== About this exercise ==
Your task is to copy all of the data exactly.

** Opening Records provided block **

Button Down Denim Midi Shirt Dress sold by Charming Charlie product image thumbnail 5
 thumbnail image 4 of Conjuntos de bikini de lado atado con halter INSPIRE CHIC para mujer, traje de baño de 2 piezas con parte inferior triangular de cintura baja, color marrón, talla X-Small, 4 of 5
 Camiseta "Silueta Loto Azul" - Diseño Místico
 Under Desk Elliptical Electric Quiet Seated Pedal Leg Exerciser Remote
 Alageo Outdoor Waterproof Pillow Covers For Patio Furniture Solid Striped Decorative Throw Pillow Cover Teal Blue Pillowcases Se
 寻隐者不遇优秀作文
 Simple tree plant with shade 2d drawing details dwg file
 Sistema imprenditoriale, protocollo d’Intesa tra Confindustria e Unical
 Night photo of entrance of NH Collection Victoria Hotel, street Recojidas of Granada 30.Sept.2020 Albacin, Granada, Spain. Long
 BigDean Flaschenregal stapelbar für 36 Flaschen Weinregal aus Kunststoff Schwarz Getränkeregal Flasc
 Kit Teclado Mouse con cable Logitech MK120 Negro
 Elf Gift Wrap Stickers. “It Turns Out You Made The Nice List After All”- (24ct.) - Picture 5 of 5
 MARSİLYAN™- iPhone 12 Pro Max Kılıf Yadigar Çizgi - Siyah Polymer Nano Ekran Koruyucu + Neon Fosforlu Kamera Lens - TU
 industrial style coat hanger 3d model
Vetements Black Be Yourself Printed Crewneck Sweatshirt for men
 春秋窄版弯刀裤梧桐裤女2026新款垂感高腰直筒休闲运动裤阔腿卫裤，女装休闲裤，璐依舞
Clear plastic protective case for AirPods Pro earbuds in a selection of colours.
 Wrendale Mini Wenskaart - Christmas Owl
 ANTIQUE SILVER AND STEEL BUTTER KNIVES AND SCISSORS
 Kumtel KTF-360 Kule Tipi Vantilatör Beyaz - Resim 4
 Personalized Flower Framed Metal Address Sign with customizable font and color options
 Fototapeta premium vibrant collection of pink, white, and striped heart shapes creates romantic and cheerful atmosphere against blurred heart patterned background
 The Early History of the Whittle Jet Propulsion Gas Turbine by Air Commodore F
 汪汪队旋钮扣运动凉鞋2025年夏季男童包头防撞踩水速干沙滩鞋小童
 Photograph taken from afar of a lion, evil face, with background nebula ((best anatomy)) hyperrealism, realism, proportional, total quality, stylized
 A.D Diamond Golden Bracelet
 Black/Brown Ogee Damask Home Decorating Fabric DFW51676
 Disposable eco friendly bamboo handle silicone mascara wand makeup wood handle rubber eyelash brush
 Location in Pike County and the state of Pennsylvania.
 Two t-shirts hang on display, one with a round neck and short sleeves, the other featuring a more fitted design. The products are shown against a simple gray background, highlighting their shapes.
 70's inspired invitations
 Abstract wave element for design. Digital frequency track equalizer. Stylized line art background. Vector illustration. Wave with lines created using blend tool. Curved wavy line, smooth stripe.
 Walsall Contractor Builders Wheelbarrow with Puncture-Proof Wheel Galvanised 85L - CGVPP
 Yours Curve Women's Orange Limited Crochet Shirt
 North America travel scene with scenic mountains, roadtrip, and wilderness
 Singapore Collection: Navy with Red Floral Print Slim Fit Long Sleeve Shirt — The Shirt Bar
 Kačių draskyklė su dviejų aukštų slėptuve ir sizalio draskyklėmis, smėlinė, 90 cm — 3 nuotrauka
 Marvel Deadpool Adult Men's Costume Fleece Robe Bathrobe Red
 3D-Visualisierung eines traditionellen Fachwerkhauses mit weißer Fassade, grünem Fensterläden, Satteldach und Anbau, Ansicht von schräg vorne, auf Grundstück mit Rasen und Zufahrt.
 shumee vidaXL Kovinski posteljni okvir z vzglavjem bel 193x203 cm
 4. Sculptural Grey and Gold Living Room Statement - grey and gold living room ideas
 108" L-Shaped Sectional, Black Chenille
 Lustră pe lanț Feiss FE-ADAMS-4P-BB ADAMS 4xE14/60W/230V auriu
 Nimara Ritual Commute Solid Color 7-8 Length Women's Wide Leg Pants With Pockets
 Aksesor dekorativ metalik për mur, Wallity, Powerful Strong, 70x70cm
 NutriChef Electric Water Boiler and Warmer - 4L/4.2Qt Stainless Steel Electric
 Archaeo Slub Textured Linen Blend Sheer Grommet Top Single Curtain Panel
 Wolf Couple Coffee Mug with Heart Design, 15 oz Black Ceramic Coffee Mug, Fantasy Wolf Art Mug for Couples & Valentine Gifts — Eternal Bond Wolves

** Closing Records provided block **

== Task response ==
Button Down Denim Midi Shirt Dress sold by Charming Charlie product image thumbnail 5
 thumbnail image 4 of Conjuntos de bikini de lado atado con halter INSPIRE CHIC para mujer, traje de baño de 2 piezas con parte inferior triangular de cintura baja, color marrón, talla X-Small, 4 of 5
 Camiseta "Silueta Loto Azul" - Diseño Místico
 Under Desk Elliptical Electric Quiet Seated Pedal Leg Exerciser Remote
 Alageo Outdoor Waterproof Pillow Covers For Patio Furniture Solid Striped Decorative Throw Pillow Cover Teal Blue Pillowcases Se
 寻隐者不遇优秀作文
 Simple tree plant with shade 2d drawing details dwg file
 Sistema imprenditoriale, protocollo d’Intesa tra Confindustria e Unical
 Night photo of entrance of NH Collection Victoria Hotel, street Recojidas of Granada 30.Sept.2020 Albacin, Granada, Spain. Long
 BigDean Flaschenregal stapelbar für 36 Flaschen Weinregal aus Kunststoff Schwarz Getränkeregal Flasc
 Kit Teclado Mouse con cable Logitech MK120 Negro
 Elf Gift Wrap Stickers. “It Turns Out You Made The Nice List After All”- (24ct.) - Picture 5 of 5
 MARSİLYAN™- iPhone 12 Pro Max Kılıf Yadigar Çizgi - Siyah Polymer Nano Ekran Koruyucu + Neon Fosforlu Kamera Lens - TU
 industrial style coat hanger 3d model
Vetements Black Be Yourself Printed Crewneck Sweatshirt for men
 春秋窄版弯刀裤梧桐裤女2026新款垂感高腰直筒休闲运动裤阔腿卫裤，女装休闲裤，璐依舞
Clear plastic protective case for AirPods Pro earbuds in a selection of colours.
 Wrendale Mini Wenskaart - Christmas Owl
 ANTIQUE SILVER AND STEEL BUTTER KNIVES AND SCISSORS
 Kumtel KTF-360 Kule Tipi Vantilatör Beyaz - Resim 4
 Personalized Flower Framed Metal Address Sign with customizable font and color options
 Fototapeta premium vibrant collection of pink, white, and striped heart shapes creates romantic and cheerful atmosphere against blurred heart patterned background
 The Early History of the Whittle Jet Propulsion Gas Turbine by Air Commodore F
 汪汪队旋钮扣运动凉鞋2025年夏季男童包头防撞踩水速干沙滩鞋小童
 Photograph taken from afar of a lion, evil face, with background nebula ((best anatomy)) hyperrealism, realism, proportional, total quality, stylized
 A.D Diamond Golden Bracelet
 Black/Brown Ogee Damask Home Decorating Fabric DFW51676
 Disposable eco friendly bamboo handle silicone mascara wand makeup wood handle rubber eyelash brush
 Location in Pike County and the state of Pennsylvania.
 Two t-shirts hang on display, one with a round neck and short sleeves, the other featuring a more fitted design. The products are shown against a simple gray background, highlighting their shapes.
 70's inspired invitations
 Abstract wave element for design. Digital frequency track equalizer. Stylized line art background. Vector illustration. Wave with lines created using blend tool. Curved wavy line, smooth stripe.
 Walsall Contractor Builders Wheelbarrow with Puncture-Proof Wheel Galvanised 85L - CGVPP
 Yours Curve Women's Orange Limited Crochet Shirt
 North America travel scene with scenic mountains, roadtrip, and wilderness
 Singapore Collection: Navy with Red Floral Print Slim Fit Long Sleeve Shirt — The Shirt Bar
 Kačių draskyklė su dviejų aukštų slėptuve ir sizalio draskyklėmis, smėlinė, 90 cm — 3 nuotrauka
 Marvel Deadpool Adult Men's Costume Fleece Robe Bathrobe Red
 3D-Visualisierung eines traditionellen Fachwerkhauses mit weißer Fassade, grünem Fensterläden, Satteldach und Anbau, Ansicht von schräg vorne, auf Grundstück mit Rasen und Zufahrt.
 shumee vidaXL Kovinski posteljni okvir z vzglavjem bel 193x203 cm
 4. Sculptural Grey and Gold Living Room Statement - grey and gold living room ideas
 108" L-Shaped Sectional, Black Chenille
 Lustră pe lanț Feiss FE-ADAMS-4P-BB ADAMS 4xE14/60W/230V auriu
 Nimara Ritual Commute Solid Color 7-8 Length Women's Wide Leg Pants With Pockets
 Aksesor dekorativ metalik për mur, Wallity, Powerful Strong, 70x70cm
 NutriChef Electric Water Boiler and Warmer - 4L/4.2Qt Stainless Steel Electric
 Archaeo Slub Textured Linen Blend Sheer Grommet Top Single Curtain Panel
 Wolf Couple Coffee Mug with Heart Design, 15 oz Black Ceramic Coffee Mug, Fantasy Wolf Art Mug for Couples & Valentine Gifts — Eternal Bond Wolves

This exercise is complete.